Hier scheiden sich die Geister im deutschen Katholizismus. Die Kirche, sagt Voderholzer, der vor seiner Berufung auf den Stuhl des Heiligen Wolfgang von Regensburg Professor für Dogmatik und Dogmengeschichte in Trier war, habe auch in der Abtreibungsfrage die Opferperspektive einzunehmen. Und es gehe dabei nicht nur um eine christliche, sondern um eine Frage der Menschlichkeit. Weshalb die Kirche sich hier „nicht in eine vermeintlich religiöse Sonderwelt oder Sonderethik abdrängen lassen“ dürfe.

 Das haben selbst jene Kritiker gewürdigt, die dem Erzkonservativen anfangs mit Skepsis begegneten.

Regensburg war bereits unter dem späteren Kardinal und römischen Glaubenspräfekten Müller ein Hort des Widerstandes gegen modernistische Tendenzen. Voderholzer, der das Amt 2012 übernahm, blieb in dieser Spur – votierte gegen die Öffnung des Weiheamtes für Frauen, plädierte für das Festhalten an der geltenden Lehre zu Homosexualität, warnte, die Grundordnung des kirchlichen Dienstes so zu ändern, daß die Lebensführung hauptamtlicher Mitarbeiter weitgehend von den Grundsätzen des Katechismus entkoppelt wird. Als Regensburger Oberhirte hat Voderholzer sich auch für die Aufklärung der gravierenden Mißbrauchsfälle eingesetzt, von denen seine Diözese nicht verschont geblieben ist. Das haben selbst Kritiker gewürdigt, die ihm – dem „Erzkonservativen“ – anfangs mit Skepsis begegneten. Dem „Synodalen Weg“, von dem derzeit so viel die Rede ist, mag der Theologieprofessor auf dem Bischofsstuhl freilich wenig abzugewinnen, denn sein Wirken ziele auf die „Aufgabe des kirchlichen Profils und die Preisgabe wichtiger Elemente“.

Bayerische Zeitungen stellten Voderholzer bei Amtsantritt als „waschechten Münchner“ vor.
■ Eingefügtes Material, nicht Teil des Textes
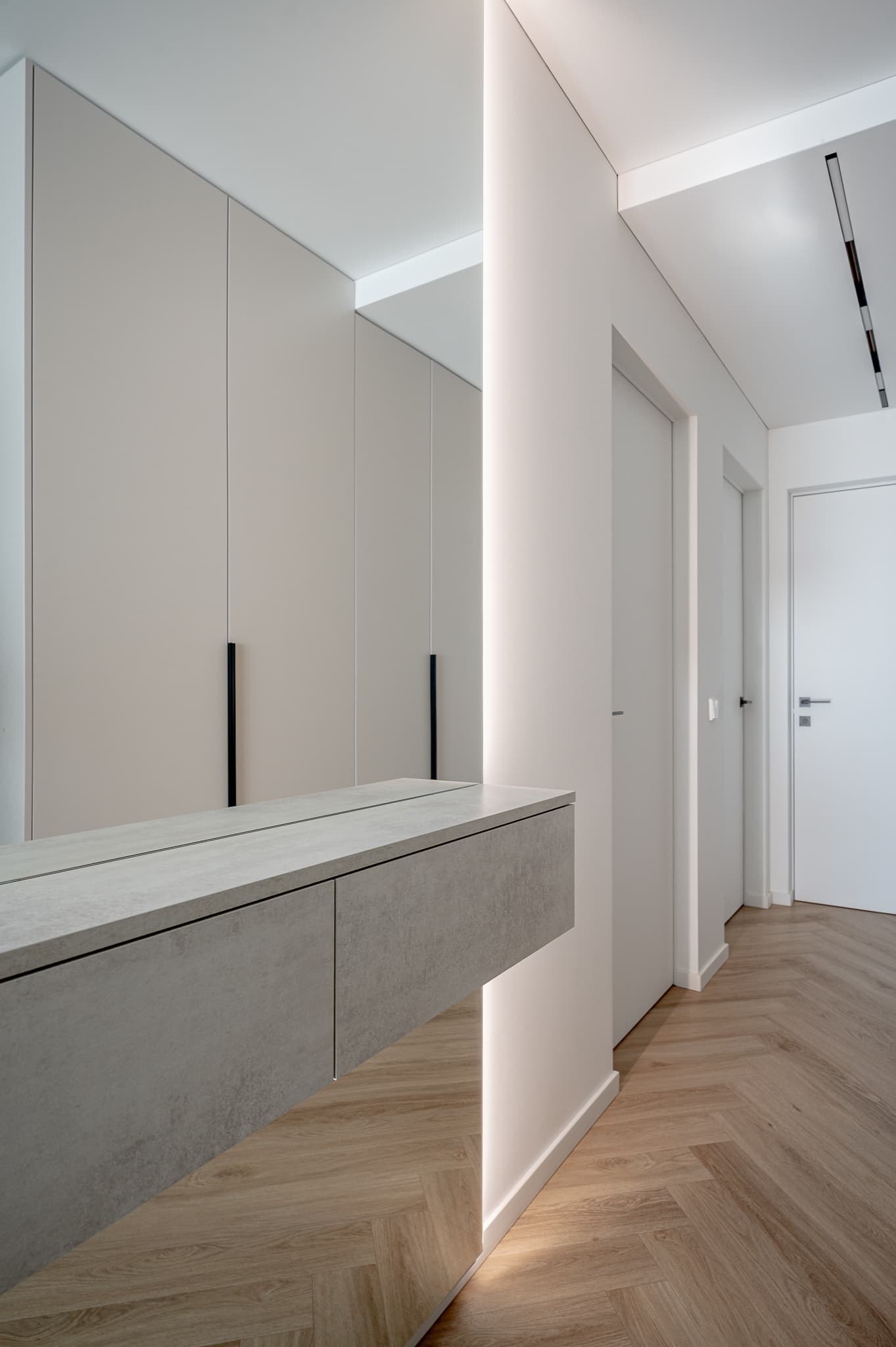 Poligrafijos butas 22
Das lag jedoch etwas daneben. Zwar wurde er 1959 an der Isar geboren, seine Wurzeln aber liegen mütterlicherseits in Böhmen: In Klattau, nahe der alten Silberbergbaustadt Mies. „Nehmen Sie mich, liebe Regensburger, als kleine Silbermünze aus dem geistigen Bodenschatz Böhmens“, sagte er deshalb bei seiner Weihe. Unter dem Heiligen Bischof Wolfgang entstand, gebildet aus den böhmischen Gebieten der Diözese Regensburg, das heutige Erzbistum Prag. Man mag es als historische Pointe sehen, daß ein Geistlicher, der stolz auf seine böhmische Herkunft ist, nun dem Bistum an der Nahtstelle von Bayern und Böhmen vorsteht – in der Hand den Wolfgangstab.